# EXERCISE OBJECTIVE
Look through the entries below for the line with "Jeune garçon debout, portant" and the line with "Stock Photo - Overworked", then give again exactly those two lines and all lines between them, minus the pictures.

# EXERCISE MATERIAL
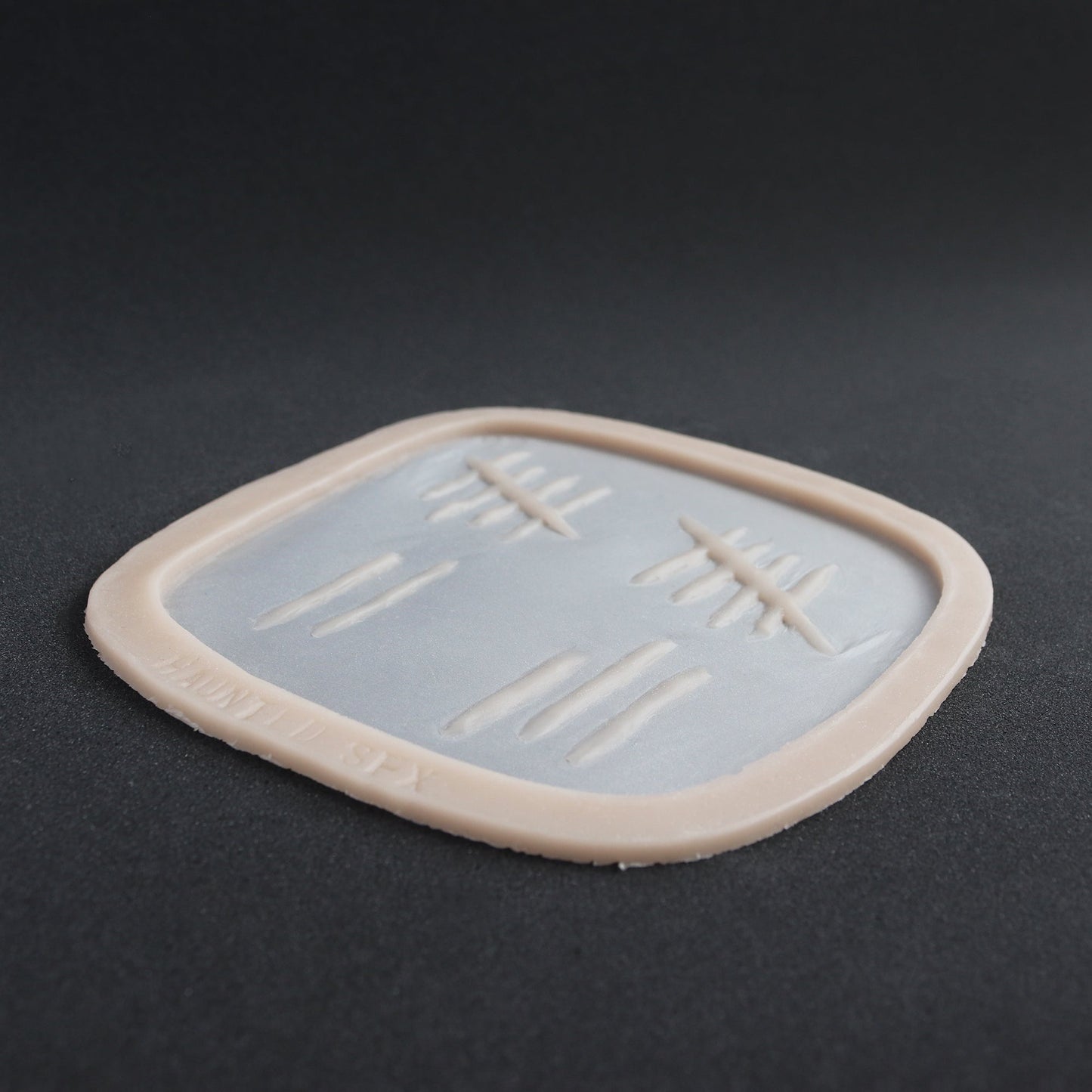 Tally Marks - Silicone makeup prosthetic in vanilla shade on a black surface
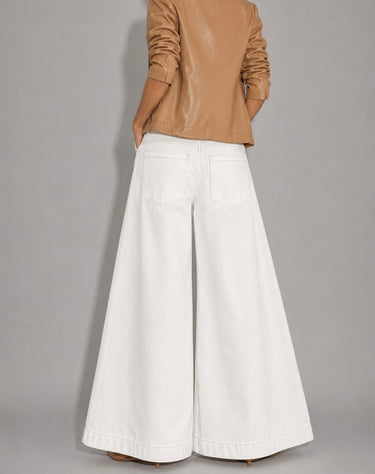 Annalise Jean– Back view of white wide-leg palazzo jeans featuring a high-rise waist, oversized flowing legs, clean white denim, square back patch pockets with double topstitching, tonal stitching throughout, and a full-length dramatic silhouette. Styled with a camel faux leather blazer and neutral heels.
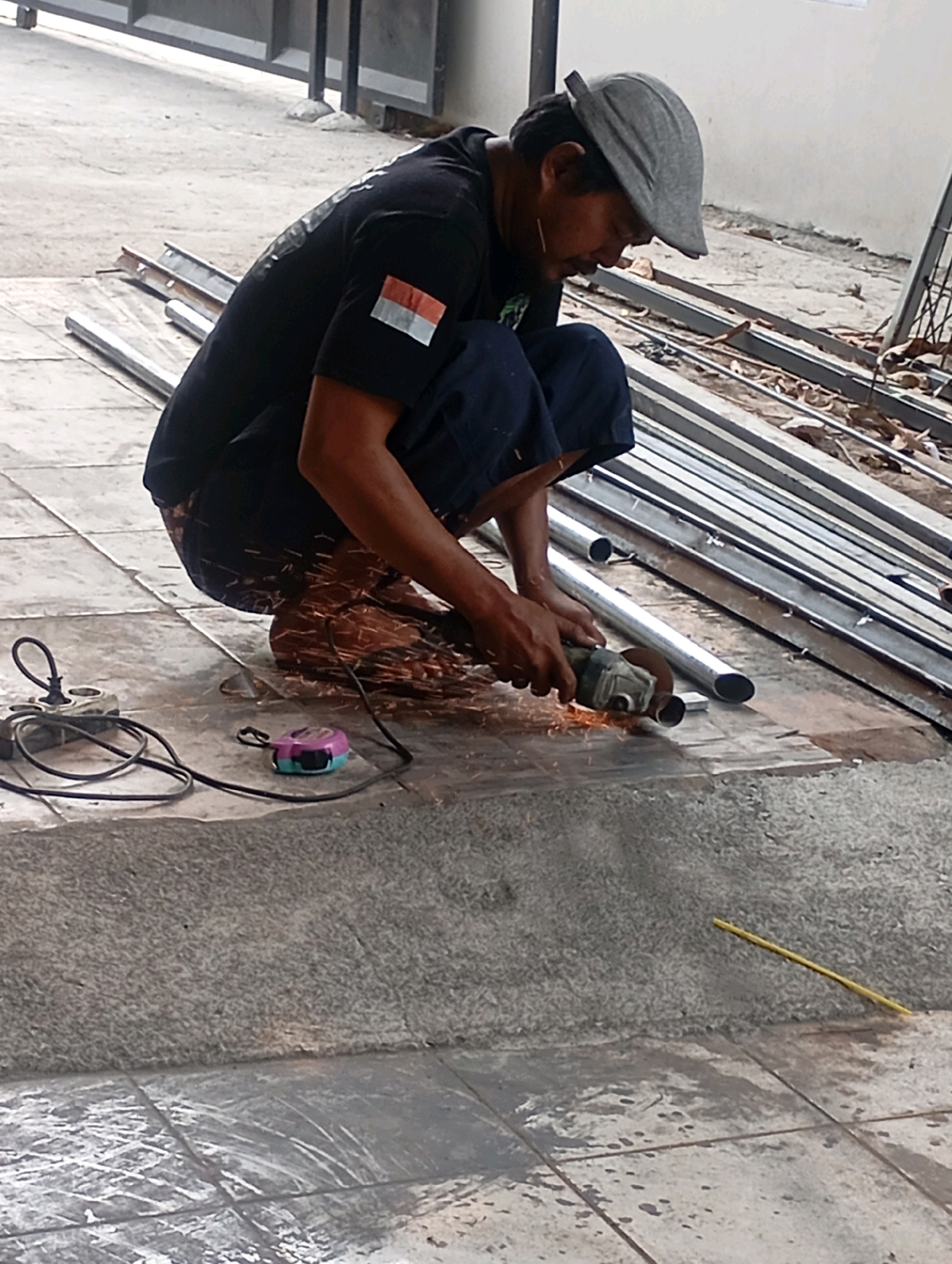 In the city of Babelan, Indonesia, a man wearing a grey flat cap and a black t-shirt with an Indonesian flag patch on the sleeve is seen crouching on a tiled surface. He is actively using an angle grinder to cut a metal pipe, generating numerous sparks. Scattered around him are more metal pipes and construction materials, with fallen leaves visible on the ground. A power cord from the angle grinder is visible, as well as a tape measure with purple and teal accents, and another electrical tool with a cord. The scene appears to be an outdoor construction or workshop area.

* * *

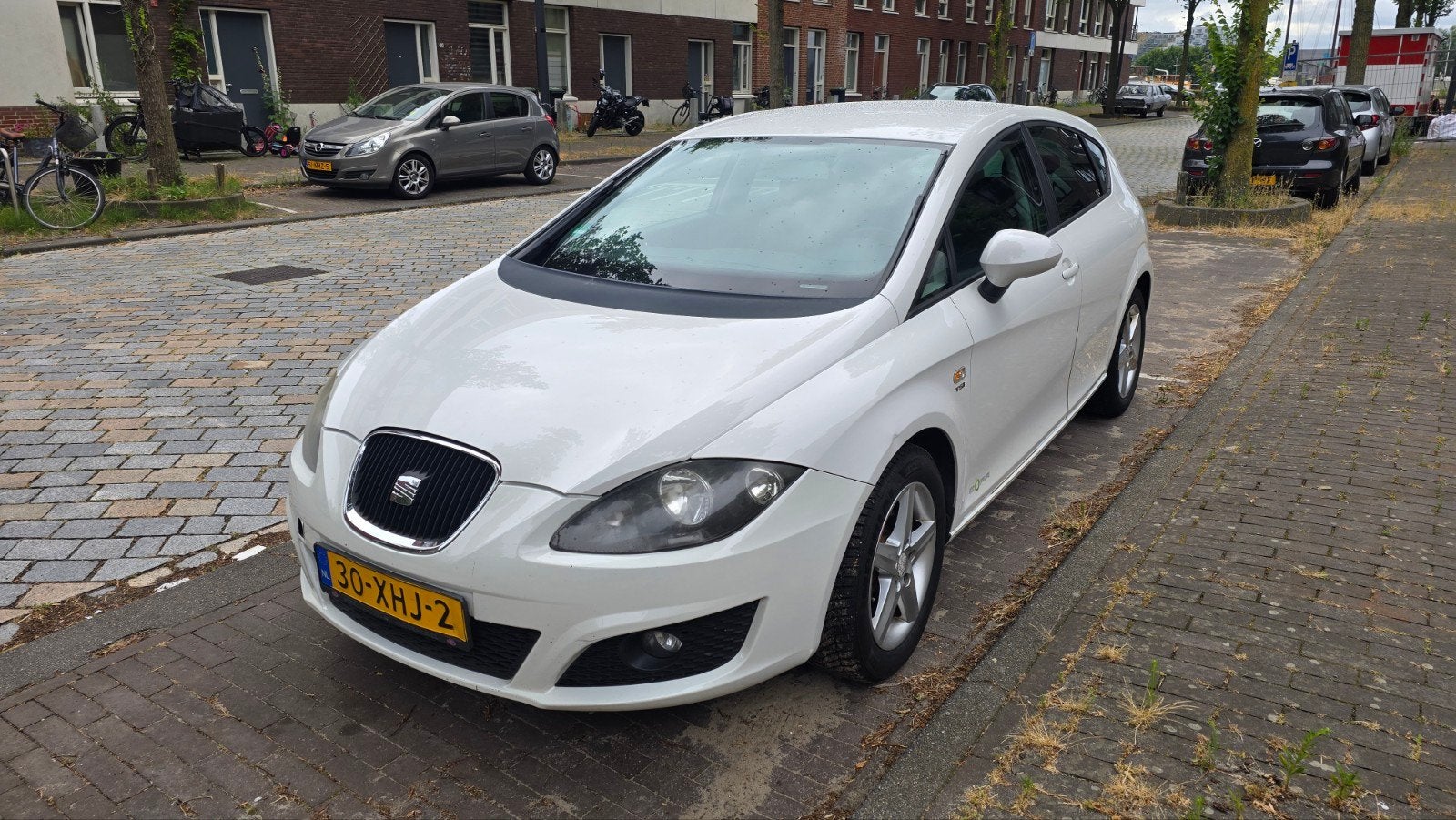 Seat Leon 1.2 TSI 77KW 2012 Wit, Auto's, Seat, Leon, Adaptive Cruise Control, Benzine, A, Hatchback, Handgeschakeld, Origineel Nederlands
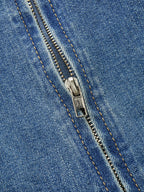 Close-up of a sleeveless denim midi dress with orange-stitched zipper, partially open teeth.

--

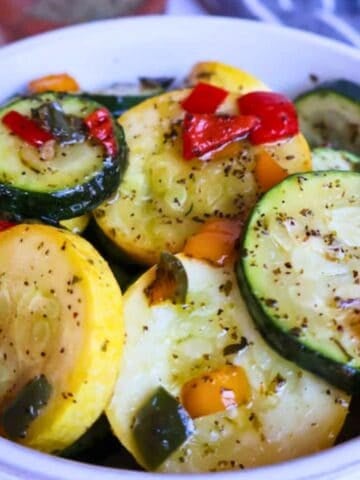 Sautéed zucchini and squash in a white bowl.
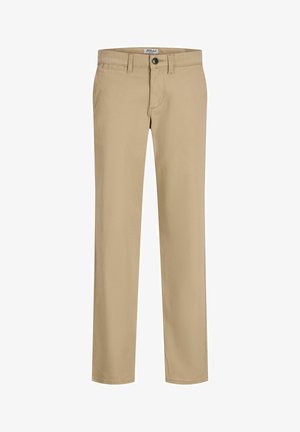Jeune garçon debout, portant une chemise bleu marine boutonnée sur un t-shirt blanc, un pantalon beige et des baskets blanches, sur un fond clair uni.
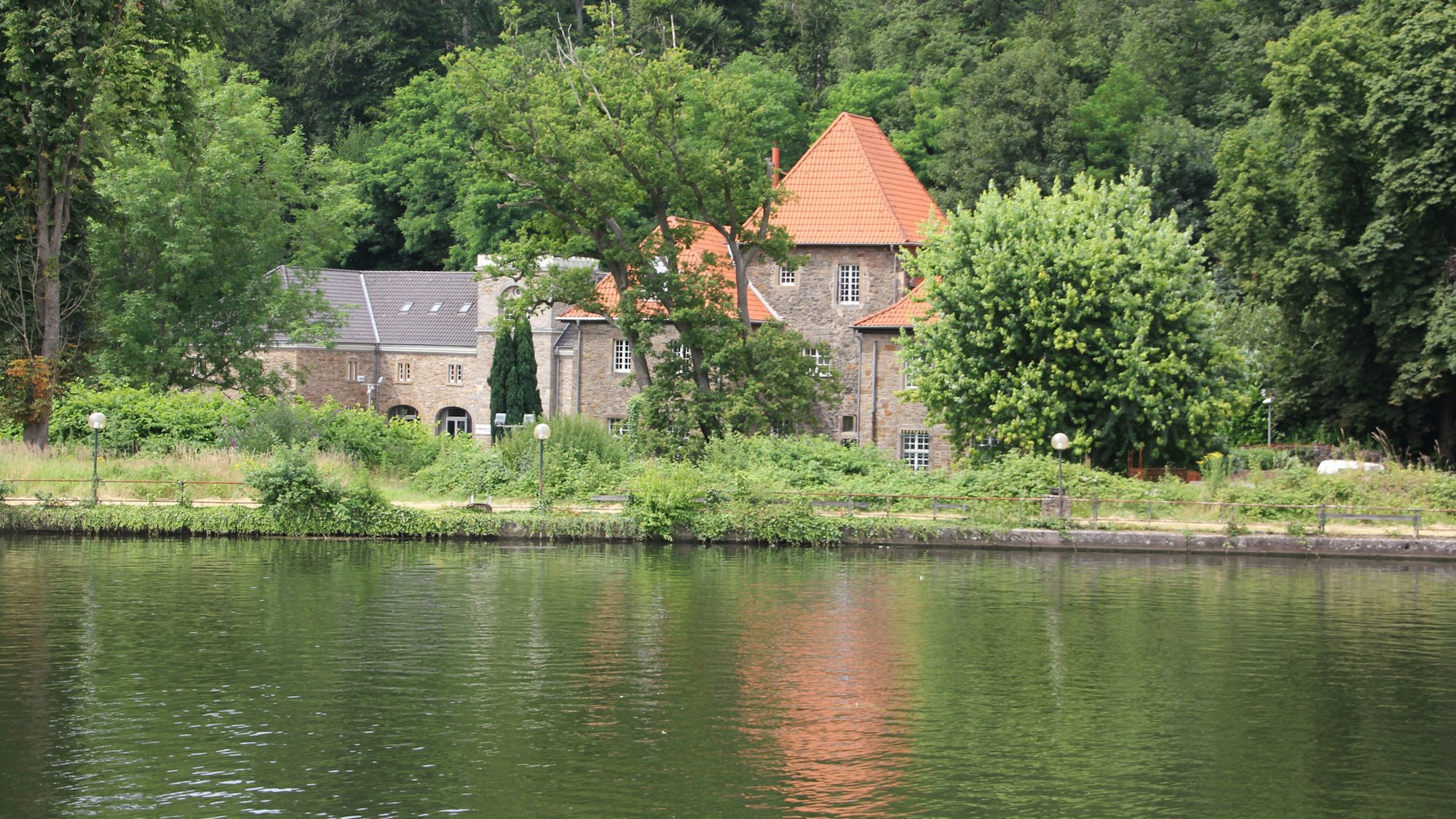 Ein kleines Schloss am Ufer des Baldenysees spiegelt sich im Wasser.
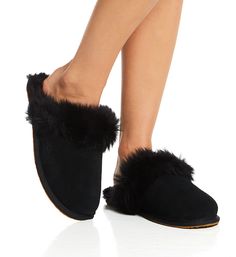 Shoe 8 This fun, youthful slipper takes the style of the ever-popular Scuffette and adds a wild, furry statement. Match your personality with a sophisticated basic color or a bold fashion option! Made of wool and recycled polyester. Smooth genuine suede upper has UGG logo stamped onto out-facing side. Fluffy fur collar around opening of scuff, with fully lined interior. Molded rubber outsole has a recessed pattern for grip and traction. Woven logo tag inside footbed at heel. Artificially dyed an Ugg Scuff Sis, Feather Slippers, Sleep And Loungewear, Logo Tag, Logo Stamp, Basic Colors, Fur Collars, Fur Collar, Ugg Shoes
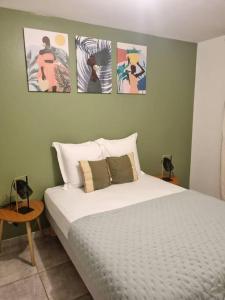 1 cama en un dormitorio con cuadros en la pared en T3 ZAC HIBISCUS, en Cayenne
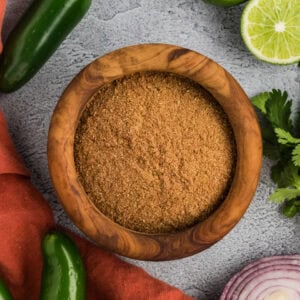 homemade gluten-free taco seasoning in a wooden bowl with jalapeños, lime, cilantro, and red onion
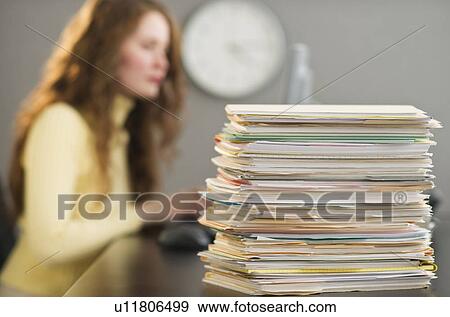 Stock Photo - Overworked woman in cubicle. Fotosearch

# ANSWER TO THIS TASK
Jeune garçon debout, portant une chemise bleu marine boutonnée sur un t-shirt blanc, un pantalon beige et des baskets blanches, sur un fond clair uni.
 Ein kleines Schloss am Ufer des Baldenysees spiegelt sich im Wasser.
 Shoe 8 This fun, youthful slipper takes the style of the ever-popular Scuffette and adds a wild, furry statement. Match your personality with a sophisticated basic color or a bold fashion option! Made of wool and recycled polyester. Smooth genuine suede upper has UGG logo stamped onto out-facing side. Fluffy fur collar around opening of scuff, with fully lined interior. Molded rubber outsole has a recessed pattern for grip and traction. Woven logo tag inside footbed at heel. Artificially dyed an Ugg Scuff Sis, Feather Slippers, Sleep And Loungewear, Logo Tag, Logo Stamp, Basic Colors, Fur Collars, Fur Collar, Ugg Shoes
 1 cama en un dormitorio con cuadros en la pared en T3 ZAC HIBISCUS, en Cayenne
 homemade gluten-free taco seasoning in a wooden bowl with jalapeños, lime, cilantro, and red onion
 Stock Photo - Overworked woman in cubicle. Fotosearch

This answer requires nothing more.